Если он выведет войска из тех местностей, где присутствие их является угрозой, он тем самым доставит государствам уверенность в их безопасности. Вы всем внушаете доверие, ибо нельзя скрыть, что ваше пребывание в великом герцогстве и занятие Праги причиняет беспокойство.[508] Немного уверенности послужит на пользу и вашим интересам. Франция будет от этого только еще могущественнее, а Император более велик и более счастлив. Тогда англичанам, как и всем вашим врагам, нечего будет сказать против вас. Я говорю вам об этом откровенно, так как никогда не разделял всеобщих опасений. Я никогда ничего не хотел получить от Императора моей политикой, а только прямодушием и верностью. Он видит, до какой степени он может рассчитывать на меня; пусть же он сделает для Пруссии и для меня что-нибудь такое, что доказало бы всем, – это я опять-таки повторяю вам, – что я был прав, полагаясь на него”.[509]
Переходя затем к другому предмету своих упований, к делу соглашения по восточному вопросу, Александр указывал, что истинный узел, скрепляющий союз, в решении этого вопроса; что только решение этого вопроса сделает его нерасторжимым и придаст ему характер неувядаемого величия. Казалось бы, что в продолжение шести месяцев все уже было сказано относительно раздела Турции; но Александр сумел придать делу новизну, сумел открыть в нем неожиданные, подкупающие и величественные стороны. Он постоянно возвращался к тому, что он считал обязательствами Наполеона, говорил о данном ему слове, впутывал высший интерес Франции, т. е., необходимость нанести Англии решительный удар в Индии и таким путем укротить ее; но, главным образом, его призывы обращались к самым высоким чувствам Наполеона, к теме, которая всегда волновала душу завоевателя. Пользуясь словами, сказанными в Тильзите, обращаясь к императору с его собственными доводами, он повторял: “Турки, как говорил мне Император, варвары без организации, без правительства; трудно сказать, на что это похоже. Теперь самый удобный случай придать тильзитским проектам о Турции, т. е. истинному ее освобождению, либеральную окраску, подобающую этому великому делу.

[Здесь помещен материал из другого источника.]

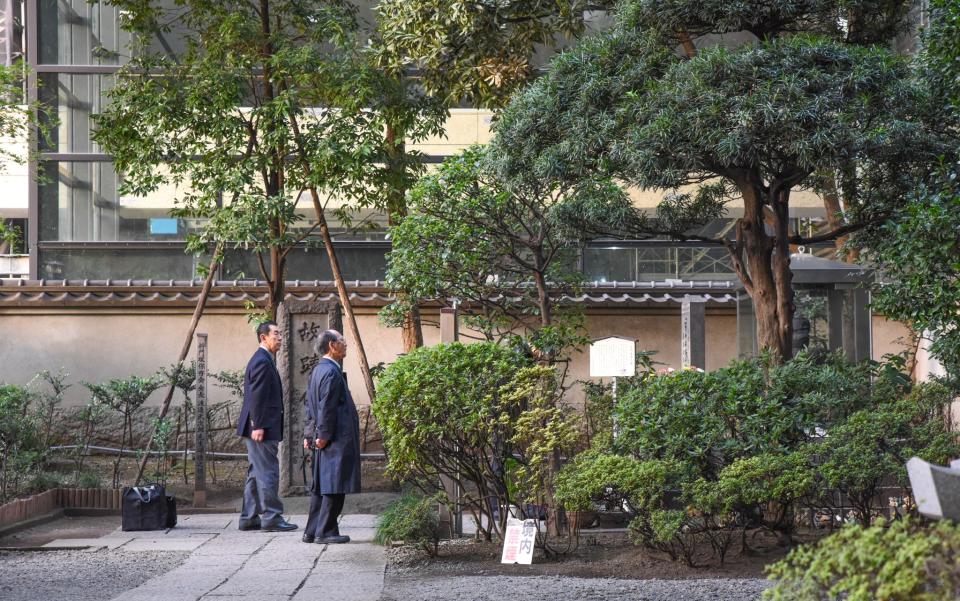 "The reverence shown by a stream of suited Japanese businessmen gave me the impression it was a shrine to a Buddhist or Shinto deity" - ronan o'connell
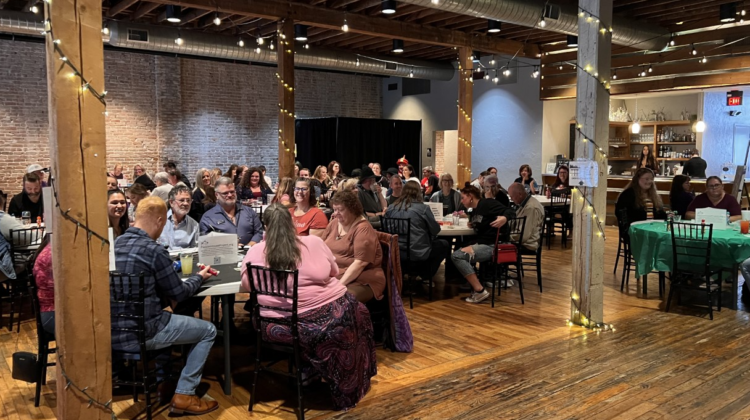 Community members gathered in support of PHP during a fundraising event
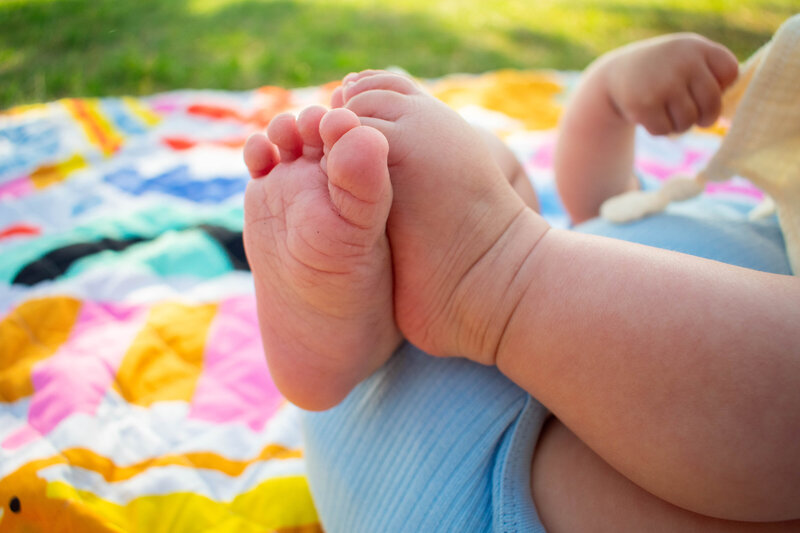 Baby feet on mat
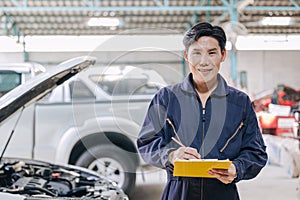 portrait mechanic engineer male happy for service fix repair broken car in garage auto shop. car insurance claim cost estimate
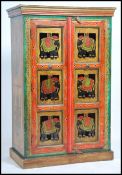 An unusual 20th century Indian handpainted cabinet with cast metal embellished doors in the shape of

Наш век даже более, чем политика, отводит этим варварам место в Азии. Освобождение этих стран будет делом благородным и похвальным; оно не есть следствие честолюбивых планов. Человеколюбие требует, чтобы в наш век просвещения и цивилизации не было в Европе этих варваров”.[510]
Наконец, приходя постепенно в восторженное состояние, подогревая себя своими собственными речами, он доходил до самых воинственных намерений, которые были ему так несвойственны, и давал сигнал к нападению на всех врагов своей империи. Зима приближается, – говорил он, – это самое подходящее время года для возобновления военных действий против Швеции; “мороз повсюду скует мосты”, что даст возможность перейти Ботнический залив, подойти к Стокгольму, и дело, предпринятое на Севере, превосходно сочетается с большими операциями на Юге. Нигде не должно быть проволочек, нужно действовать, и да совершатся повсюду судьбы России: “В сентябре в Эрфурте, в октябре – поход и в течение зимы – результаты”.[511]